We should, first of all, recall the fact that liturgical tradition continually establishes analogies between sacramental actions and the works of God in the Old and New Testaments. Let us take some examples from baptism and the Eucharist, sacraments which the Fathers continually relate to the essential events of the Bible. In the space available here, it is, of course, impossible to go into the details of this teaching which fills the sacramental catecheses and the liturgical texts; I can only indicate the great themes.[1]
In connection with baptism, let us take the blessing of the water given in our present ritual:
O God, as Thy Spirit hovered over the waters at the very beginning of the world, so that even then by their very nature they might have the power of sanctification. . . .
O God, as Thou didst wash away by water the crimes of the guilty world, and so by the flood didst give us an image of the new birth; for it was the same element that signified the destruction of sin and the beginning of virtue . . . .
I bless you, O water, creature of God, by the living God, who caused you to flow from the fountain of paradise and commanded you to flow out in four rivers and water the whole earth; who changed you in the desert to a water fit to drink and caused you to flow from the rock to quench the people's thirst . . . .
I bless you through Jesus Christ, who in the wonderful miracle at Cana changed you by His power into wine . . .; who was baptized in you by John at the Jordan; who caused you to flow from His side together with His blood. . . .
Let us go over these analogies. The first is that of the primordial waters sanctified by the Spirit. As the Spirit of God, hovering over these waters, raised up the first creation, so the same Spirit, hovering over the baptismal waters, raises up the new creation, effects our rebirth. The Spirit of God is the creative Spirit. Christ's word refers to this aspect: "Unless a man be born again of water and the Spirit, he cannot enter the kingdom (John 3:5). "Why are you immersed in water?" St. Ambrose asks the neophyte. "We read: Let the waters bring forth living things (Gen. 1:20). And things were born. This took place at the beginning of creation. But it was reserved to our own times that water should give you a new birth by grace."[2]

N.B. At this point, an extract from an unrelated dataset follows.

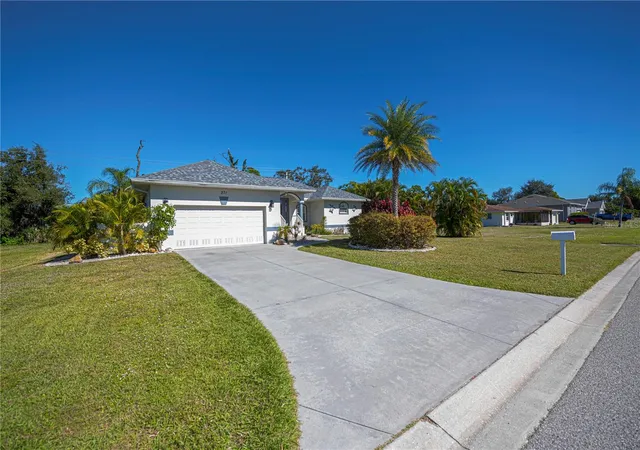 3rd image of 271 Annapolis Ln, Rotonda West, FL 33947 | MLS# D6144771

Here we can begin to see the dimension that is given to baptism by this analogy. Baptism is of the same order as the creation of the world, and this because to create is an action properly divine. It is the same Spirit who raised up the first creation and who will raise up the new creation. The Spirit descended on the waters of the Jordan, thence to bring forth the new creation which is that of the Man-God. And baptism is the continuation of this creative work in the era of the Church. The very context of springtime, in which baptism is administered, expresses this analogy. Spring is the yearly anniversary of the first creation and of the new creation as well.
Immediately after speaking of creation, the prayer of consecration alludes to the flood — a new act of God's power and a new symbol of water. The relationship between the flood and baptism goes back to the first Epistle of Peter, in which baptism is called the antitype of the flood. Optatus of Milan writes in the fifth century: "The flood was a figure of baptism because the whole universe, soiled by the tide of sin, by the intervention of water was restored to its pristine purity."[3] Water is the instrument of God's judgment; it is water that destroys the sinful world. Baptism is a mystery of death. It means the destruction of the ancient man, as the flood meant the destruction of the ancient world, so that a new creature may appear, washed clean and renewed by the baptismal water.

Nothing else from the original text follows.